Say we are given two random variables $X$ and $Y$ that can take the values of ${a,b}$ only. X~Bern(p) is given and also the conditional probabilities $P(Y=a|X=a)$ and $P(Y=b|X=b)$. I am trying to find $H(Y)$ but only know so far $H(X,Y)$ and $H(Y|X)$. If the two random variables are independent (which is not stated in the problem), I could say that $H(Y|X)=H(Y)$ but there it is not stated that they are independent. There are no other infos given, Y~Bern(p) is not given. I could use this:
$$H(Y,X) = H(Y) + H(X|Y)$$
But the problem is I don't know that $H(X|Y$) is either, neither $H(Y,X)$. Are there relationships that I am not aware of that would help me solve this?
Forget the relationships, and work it out directly.

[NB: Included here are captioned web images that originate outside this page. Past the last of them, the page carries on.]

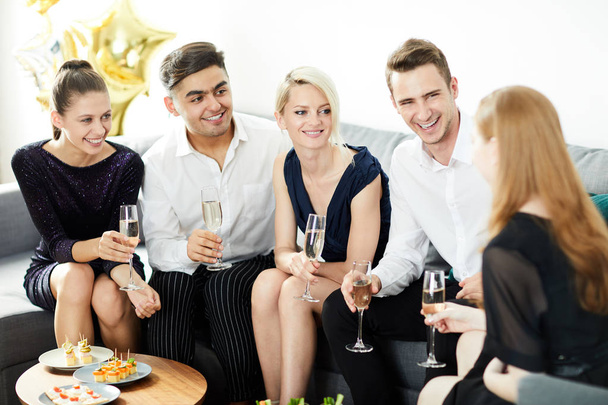 Группа веселых друзей в умной одежде, сидящих на диване, пьющих шампанское и разговаривающих на вечеринке
 - Фото, изображение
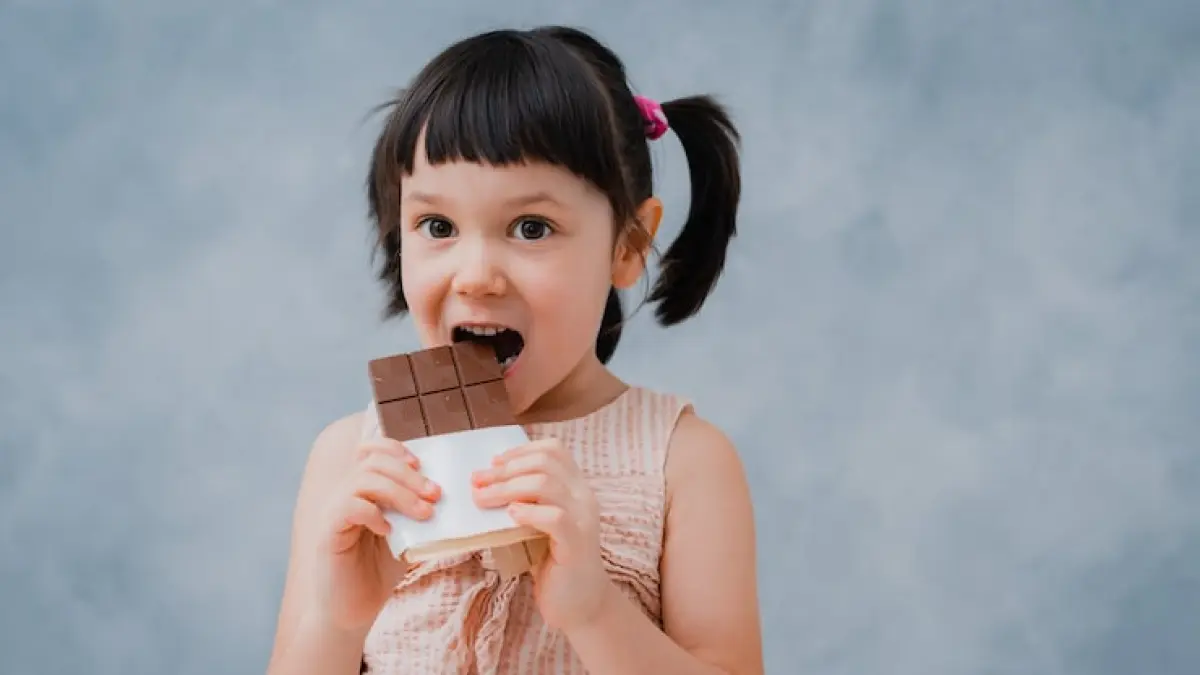 Ilustrasi anak makan cokelat dan dampaknya untuk kesehatan gigi.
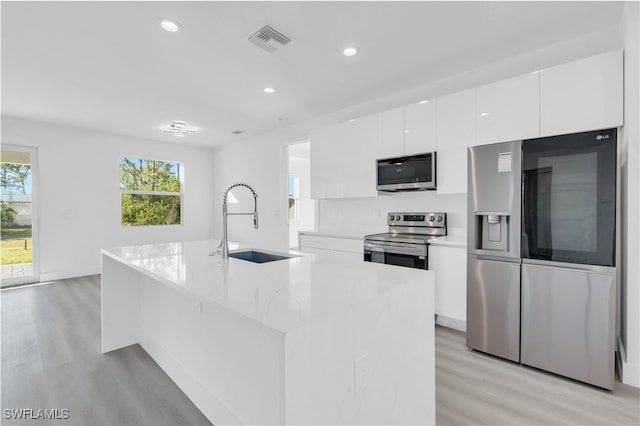 kitchen with plenty of natural light, sink, appliances with stainless steel finishes, and an island with sink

In information theory, there are many formulae between the basic concepts but most are simply definition chases, with use of the law of total probability or other elementary ideas. They can help you out in some cases, but going back to the initial definitions will not slow you down too much.
Let $t:=\mathbb{P}(Y=a)$. Then $$\begin{align}H(Y)&=-\sum_x \mathbb{P}(Y=x)\log \mathbb{P}(Y=x)\\ &= -(\mathbb{P}(Y=a)\log \mathbb{P}(Y=a)+\mathbb{P}(Y=b)\log \mathbb{P}(Y=b))\\ &=-(t\log t+(1-t)\log (1-t))\end{align}$$
So we just need to work out what $t$ is, and then we can plug it in. You might notice that $a,b$ are not really relevant: entropy does not take into account what the values are, only how likely they are. The expression above has a name, the binary entropy function (a function of $t\in [0,1]$), and it's the entropy of a Bernoulli random variable (which by convention only takes values $0$ or $1$).
$$ t=\mathbb{P}(X=a)\mathbb{P}(Y=a|X=a)+\mathbb{P}(X=b)\mathbb{P}(Y=a|X=b)$$
This is the law of total expectation. You already know $\mathbb{P}(X=a)=p$ and $\mathbb{P}(X=b)=1-p$, and are given the value of $\mathbb{P}(Y=a|X=a)$.
That only leaves us to work out $\mathbb{P}(Y=a|X=b)$, but $Y=a$ is the same thing as $Y\neq b$ (as $Y$ can only take the values $a,b$), so $\mathbb{P}(Y=a|X=b)=1-\mathbb{P}(Y=b|X=b)$ and you are given $\mathbb{P}(Y=b|X=b)$ as well.